• [ABOUT THIS TASK] Retype the records below exactly as they stand, omitting the pictures.

• [EXERCISE INPUTS]
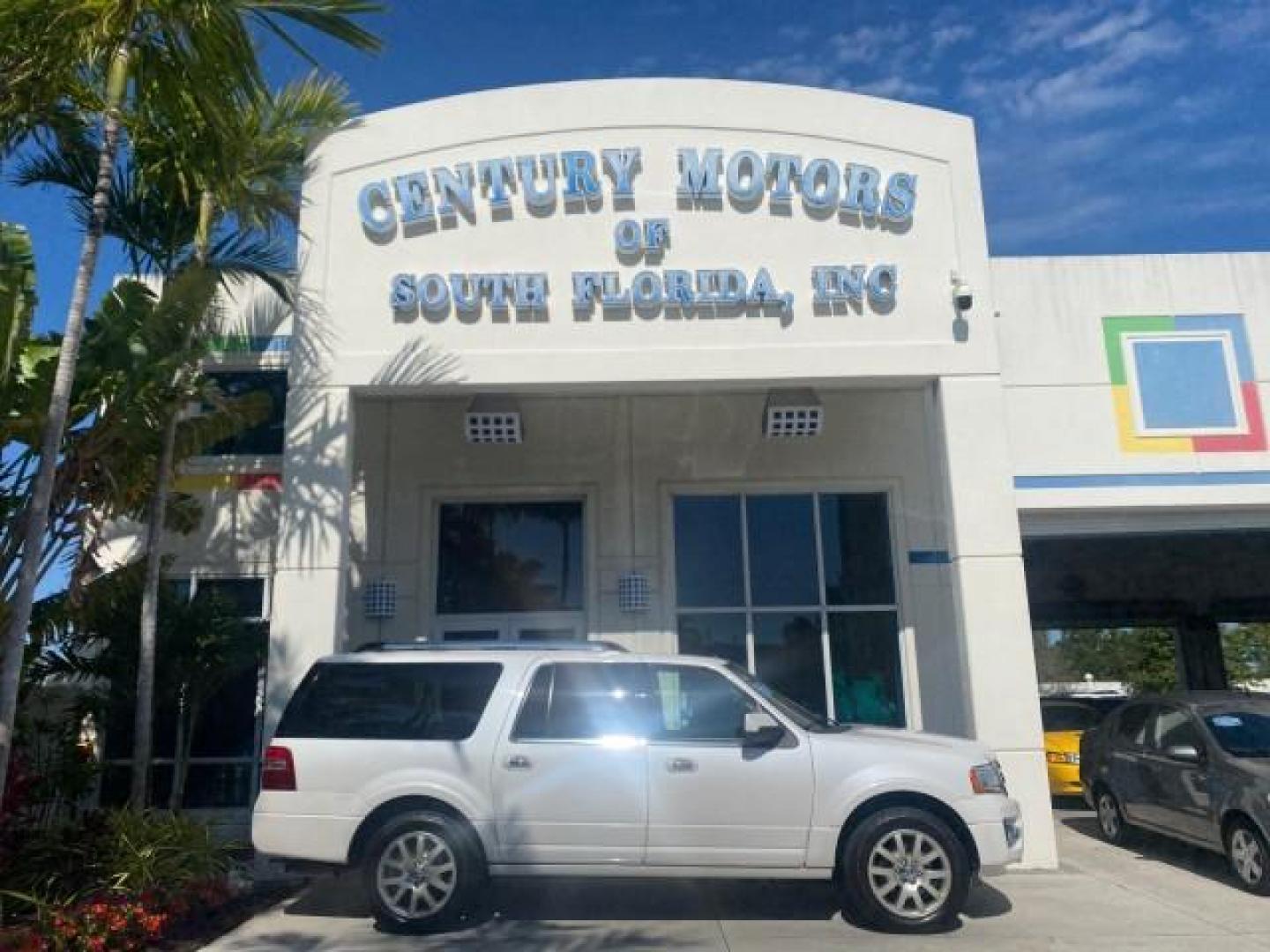 2017 Oxford White /Dune Ford Expedition EL Limited 4WD LOW MILES 75284 (1FMJK2AT3HE) with an 3.5L V6 Cylinder Engine engine, Automatic transmission, located at 4701 North Dixie Hwy, Pompano Beach, FL, 33064, (954) 422-2889, 26.240938, -80.123474 - OUR WEBPAGE FLORIDACARS1.COM HAS OVER 100 PHOTOS AND FREE CARFAX LINK 2017 Ford Expedition EL Limited 4WD 4 Door Wagon/Sport Utility 3.5L V6 F DOHC 24V Gasoline Rear Wheel Drive w/ 4X4 Features 20 Inch Plus Wheels 4WD/AWD A/C Seat(s) ABS Brakes Air Conditioning Alloy Wheels AM/FM Stereo Android Auto - Photo#0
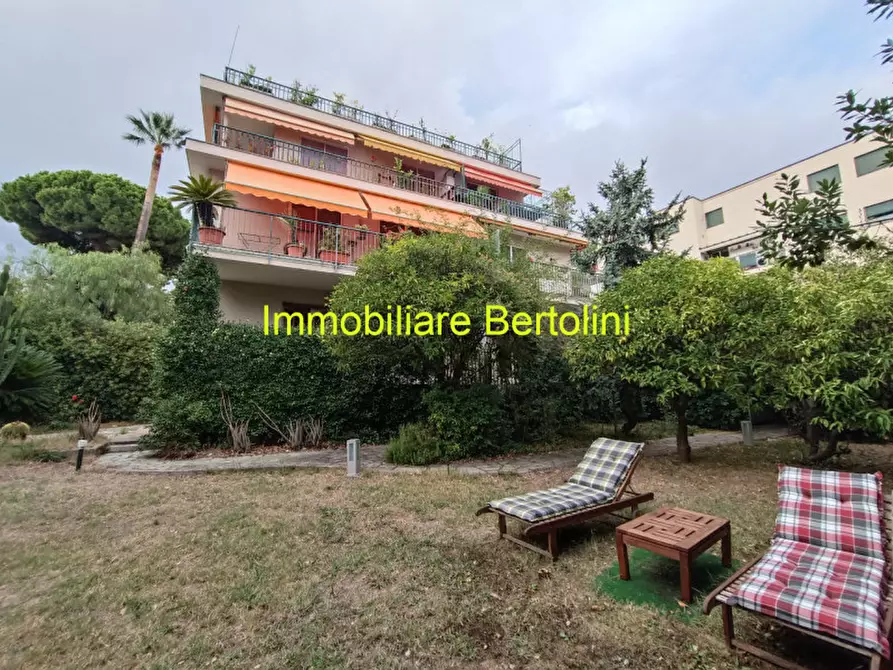 Immagine 54 di Appartamento in vendita  in CORSO CAVALLOTTI a San Remo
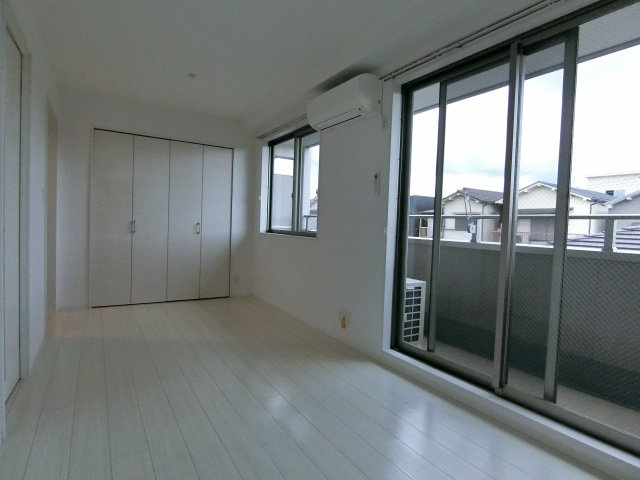 【居間・リビング】 | プランドール助松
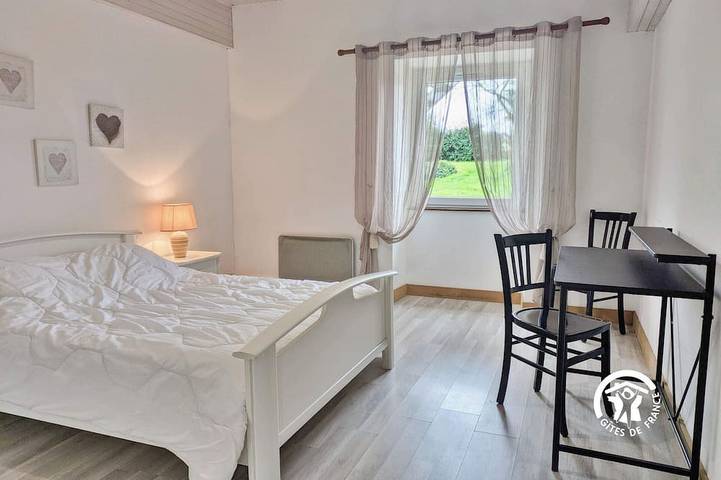 Geräumiges Ferienhaus mit großem Garten, Spielzimmer und Musikinstrumenten in Congrier, Mayenne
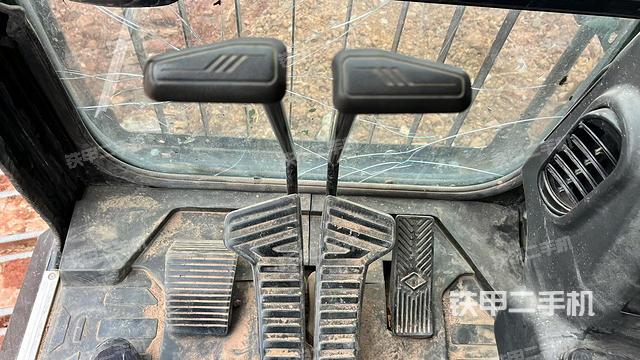 行走控制手柄和踏板?俯拍(駕駛室部分) 行走控制手柄和踏板?俯拍(駕駛室部分)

• [RESULT OF THIS EXERCISE]
 2017 Oxford White /Dune Ford Expedition EL Limited 4WD LOW MILES 75284 (1FMJK2AT3HE) with an 3.5L V6 Cylinder Engine engine, Automatic transmission, located at 4701 North Dixie Hwy, Pompano Beach, FL, 33064, (954) 422-2889, 26.240938, -80.123474 - OUR WEBPAGE FLORIDACARS1.COM HAS OVER 100 PHOTOS AND FREE CARFAX LINK 2017 Ford Expedition EL Limited 4WD 4 Door Wagon/Sport Utility 3.5L V6 F DOHC 24V Gasoline Rear Wheel Drive w/ 4X4 Features 20 Inch Plus Wheels 4WD/AWD A/C Seat(s) ABS Brakes Air Conditioning Alloy Wheels AM/FM Stereo Android Auto - Photo#0
 Immagine 54 di Appartamento in vendita  in CORSO CAVALLOTTI a San Remo
 【居間・リビング】 | プランドール助松
 Geräumiges Ferienhaus mit großem Garten, Spielzimmer und Musikinstrumenten in Congrier, Mayenne
 行走控制手柄和踏板?俯拍(駕駛室部分) 行走控制手柄和踏板?俯拍(駕駛室部分)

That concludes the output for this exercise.